We live in a time when energy and electric devices define and shape our everyday experiences—from transportation to communications, work to the grid infrastructure that makes it all possible.
It’s no wonder that the production and supply of Li-ion batteries is expected to skyrocket. According to Bloomberg New Energy, global battery storage capacity will reach 4,500 GWh by 2050, compared to 2.85 GWh today.
As the need for energy storage continues to grow at an exponential rate, the world is crying out for a safer, more efficient solution to the production, management, re-use and recycling of Li-ion batteries.
Modern life, the environment and the global economy all depend on it.
Traditional battery management systems (BMS) use a combination of voltage (V), current (I), and temperature (T) inputs to determine how to safely operate Li-ion batteries and output state-of-charge (SoC) and state-of-health (SoH). The issue is that incumbent BMS technology doesn’t actually measure SoC and SoH – it estimates them.
As such, a battery’s charge and capacity are both calculated with some degree of error, and the consequences of this error, aggregated across time and billions of batteries across the world, are dramatic. Untold dollars are wasted annually, along with millions of usable kWh, while many tons of CO2 are released into the atmosphere.
Various efforts have been devised to avoid or resolve this fundamental problem, but none have been effective because they continue to rely on estimations, all with the same V, I, and T combination.
But at long last there’s now a way to prevent battery management errors—and it revolves around the concept of resolution.
In this context, resolution refers to two components—accuracy and precision. Both made possible by observing batteries from the inside, at the molecular level.
With high accuracy and precision, we measure two critical parameters —State-of-Health (SoH) and State-of-Charge (SoC), both of which dictate how a BMS for a battery-operated vehicle or device operates.
As described above, Incumbent systems can’t deliver high resolution, creating different problems depending on the application.
• EVs using NMC batteries have precise voltage measurements but low SoH accuracy. Thus, as the system degrades over time (lowering SoH) the high-precision voltage measurement is rendered meaningless.
• ESS solutions using LFP batteries have both low accuracy and low precision. This is caused by the voltage flatness characteristic of LFP batteries (SoC) and their reliance on pre-determined look-up tables to determine SoH.

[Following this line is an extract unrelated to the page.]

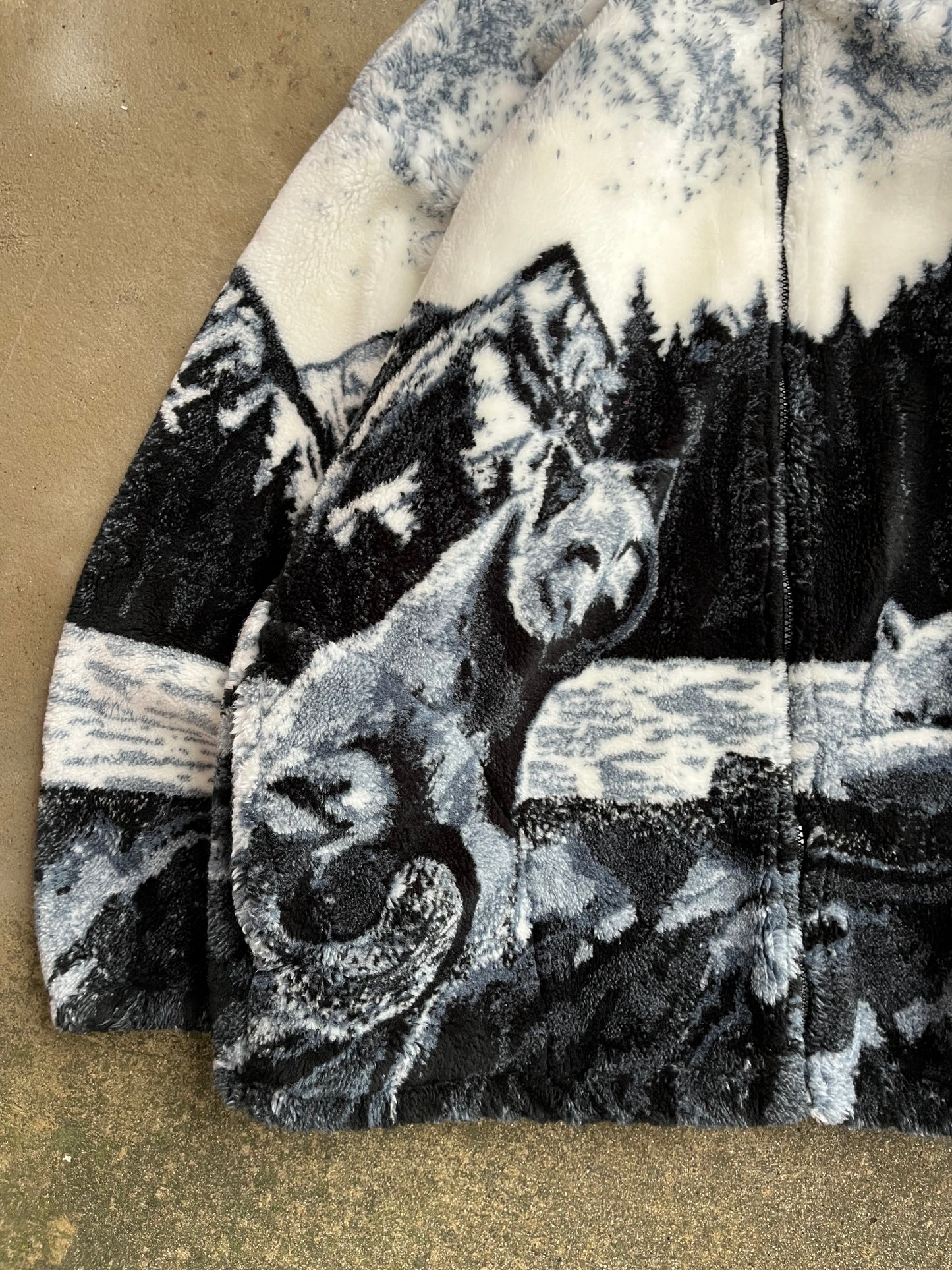 (M) 1990s Black Mountain Wolf Fleece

TITAN delivers superior resolution—helping batteries run better, safer, and longer—through the magic of ultrasound.
Ultrasound uses high frequency (above 20kHz) energy to conduct diagnostics and make real-time measurements. It’s been used for the last 50 years in applications as diverse as medical devices, building integrity inspection, nuclear plants, back up sensors in cars, and fingerprint sensors in phones.

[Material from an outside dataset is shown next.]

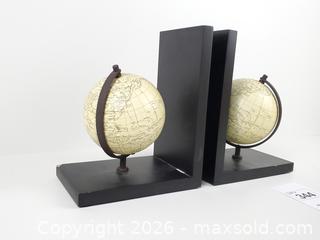 MaxSold Auction: World Globe Bookends - 2 Pieces - Toronto (Ontario, Canada) PARTNER MANAGED Downsizing Online Auction - Esandar Drive (STORAGE)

Just like batteries, ultrasound is everywhere.
It’s nothing less than a game changer in battery knowledge. We get 2D real-time diagnostics of batteries at the molecular level, which translates into very high accuracy and high precision SoC/SoH measurements. As an added bonus, we also achieve unprecedented safety through an early warning/detection system made possible by the very nature of ultrasound.

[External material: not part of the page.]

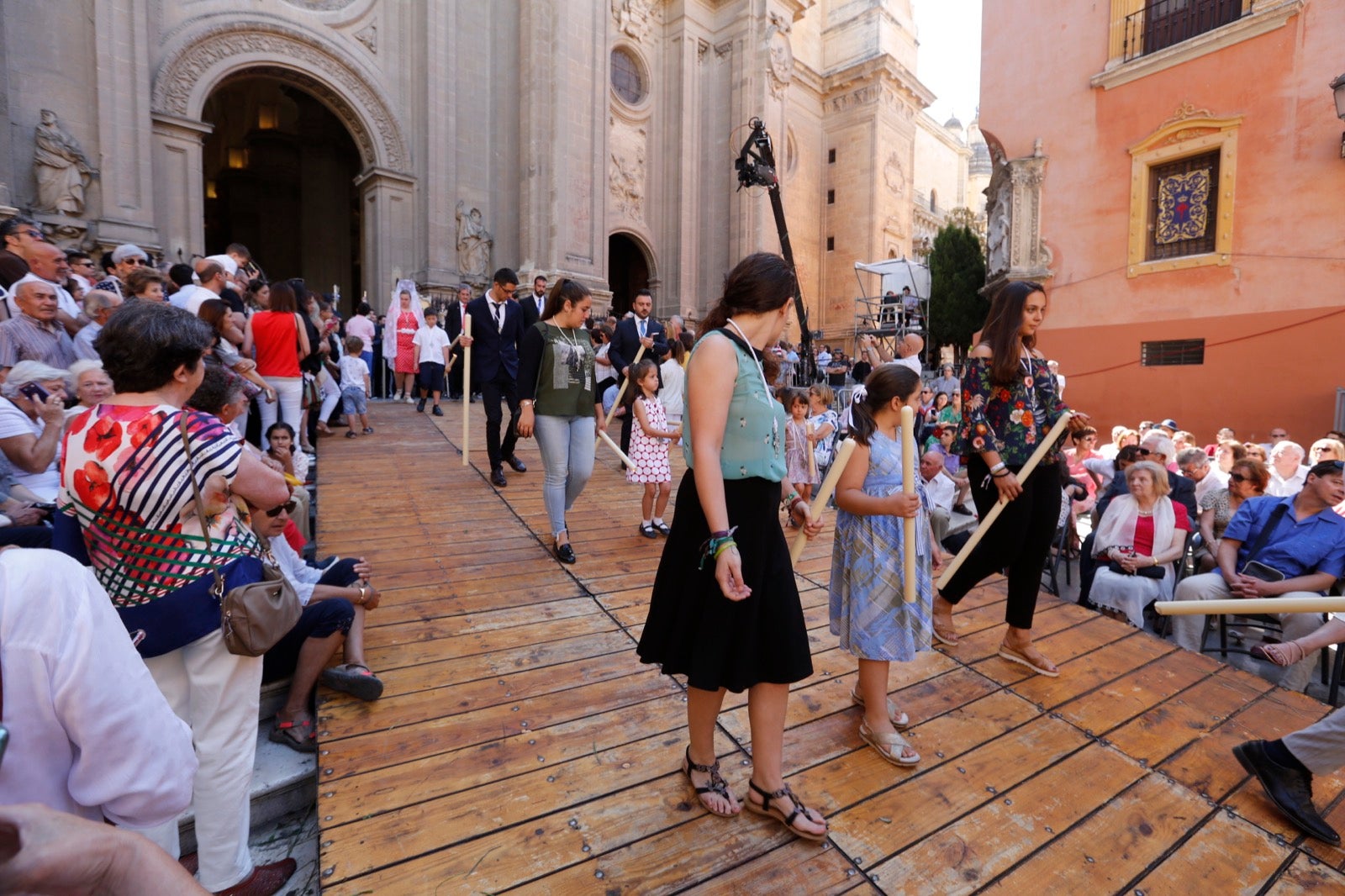 La plaza de las Pasiegas, abarrotada para recibir al Corpus Christi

Sound travels through different mediums at a different velocity (water, wood, air, etc.). This works very well for determining the SoC of a battery. A fully charged battery is stiffer, the Li-ions are in the anode and the speed of sound is faster than when the battery is less charged. Through ultrasound we can measure SoC with 99% accuracy and precision at all stages of the battery’s life, regardless of the current applied, since the SoC corresponds to the volume of Li-ions physically present in the anode.
The graph below shows different SoC values which correspond to different speeds (time-of-flight) in a typical Li-ion battery matrix:
Ultrasound is highly effective at detection/evaluation, dimensional measurements, material characterization, and revealing changes in materials, which is exactly what happens as a battery ages. Several chemical processes influence the physical properties of a battery, and therefore its capacity, over time. One of the dominant degradation mechanisms is the growth of the secondary solid electrolyte interface (SSEI), a plaque (long organic polymer chain) which prevents the normal flow of Li-ions from the anode to the cathode.
We see outgassing, lithium plating and dendrite growth as physical manifestations as well, which is CRITICAL for fast-charging applications.
To date, our system has been proven to deliver real-time SoC/SoH accuracy at 99% for NMC, LMO, and LFP batteries.